A group of members has agreed a deal with Hillcrest Homes that would see the firm purchase the High Lane site to build housing, while retaining the club as part of the project.
However, the club’s trustees have ignored their requests to discuss the plan, despite the local MP’s offers to mediate, according to members.
“The group has met with council planners who have indicated they would look favourably on the scheme, given that it would retain the popular community asset,” Friends of Chorlton Irish Club said in a statement.
It added that the plan “would yield a sum large enough to clear the club’s debts with over £1m left over”.
Under the terms of the deal, ownership of the venue would transfer to a Community Interest Company set up by the members and would be run on a not-for-profit basis for the benefit of the community.

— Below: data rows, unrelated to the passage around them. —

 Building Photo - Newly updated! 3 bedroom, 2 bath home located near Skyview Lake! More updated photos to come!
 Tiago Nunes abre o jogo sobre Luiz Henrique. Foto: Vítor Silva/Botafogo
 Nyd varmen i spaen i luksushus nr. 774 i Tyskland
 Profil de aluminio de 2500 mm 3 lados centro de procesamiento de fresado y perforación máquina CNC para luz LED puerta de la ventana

James Payne, Hillcrest Homes managing director, said: “We are working with the Chorlton Irish Community Interest Group to try and help save the club, and propose to deliver high quality family housing on part of the car park to do this.”

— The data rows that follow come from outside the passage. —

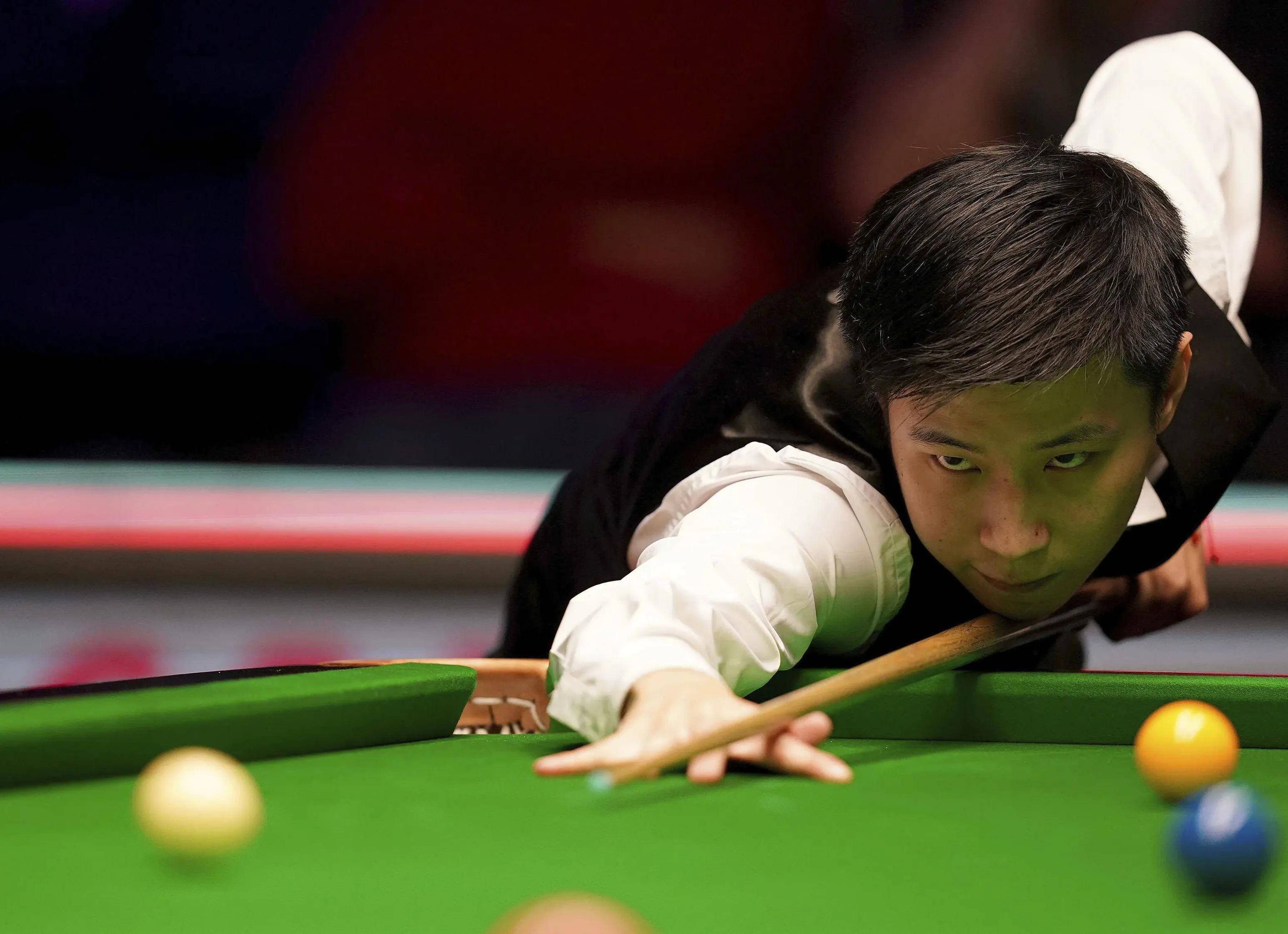 转会市场的 转会市场的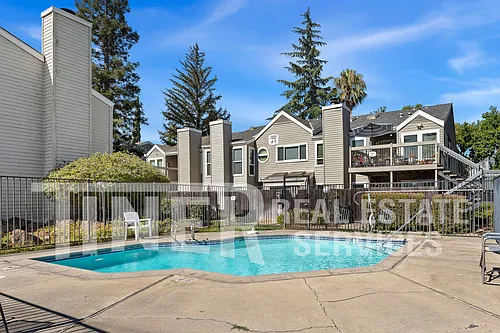 1533 Hood Rd #B Photo 1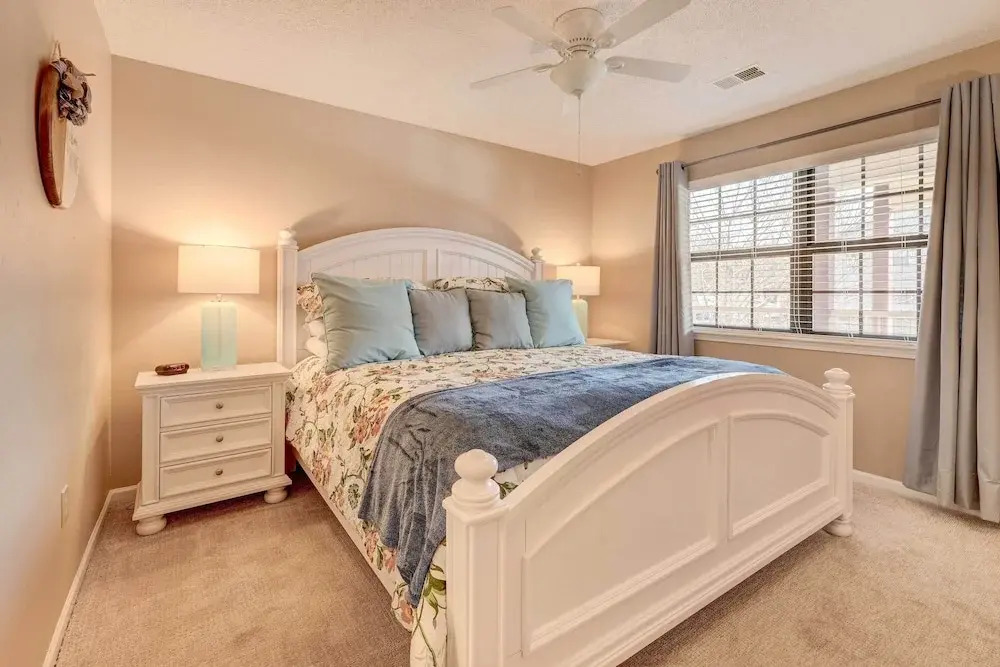 Branson Condo: 1 Mi to Dolly Parton's Stampede!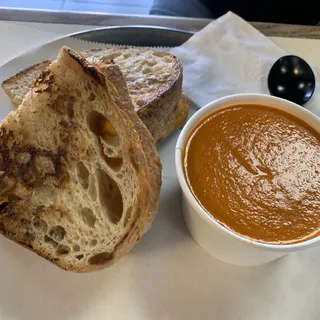 GRILLED CHEESE SANDWICH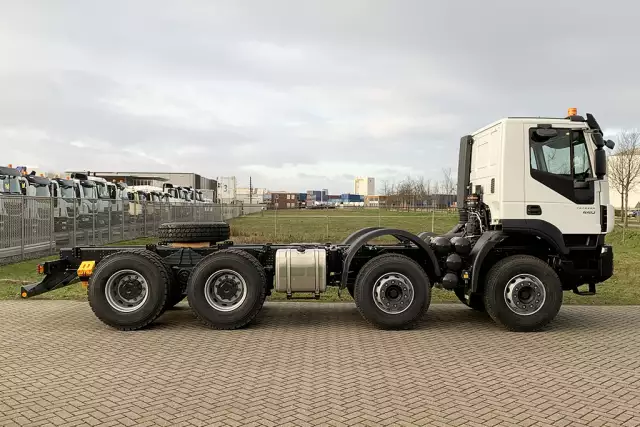 Iveco Trakker AD410T44H-4250 8x4 Chassis Cabin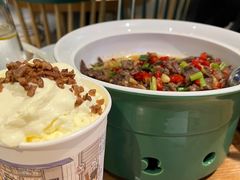-费大厨辣椒炒肉(万家丽一店)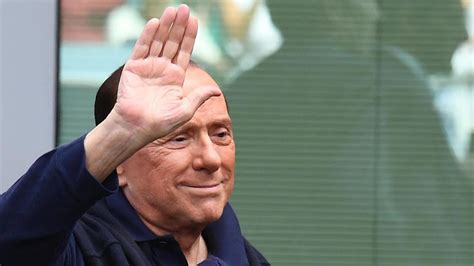 Berlusconi Al San Raffaele Ricovero Durgenza In Terapia Intensiva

A spokesperson for Colliers refused to comment on the matter but confirmed that there had been a “high level of interest and a broad range of offers” for the club.
It is understood that the club cannot be sold until 15 October when the stipulation regarding its status as an asset of community value expires.
In April the club and the surrounding land were put up for sale and Colliers was appointed to market the site as a “prime redevelopment opportunity” despite a long-running campaign from Friends of Chorlton Irish Club to save it.
In a statement at the time, the trustees said they were “reluctantly” putting the club on the market due to facing “significant claims from creditors” and that the debts of the club stood in the “hundreds of thousands of pounds”.
The group of four trustees, the registered title holders of the property, had stepped in to take over the day-to-day running of the club in April 2019 after the management committee at the time expressed a desire to put the club up for sale.
A spokesperson for the Friends of Chorlton Irish campaign group said: “This is a viable proposal that warrants serious consideration. It offers the chance for the venue to be revived, with the possibility of other funding sources being available to a not-for-profit community venture.
“The obvious concern is that the Trustees are going to sit tight until 15 October and then accept another offer for the entire site, with the club being demolished. We call upon them to halt the sale until the club’s members have the chance to be fully informed of this proposal. The matter should then be put to a members’ vote. To do otherwise would be indefensible.”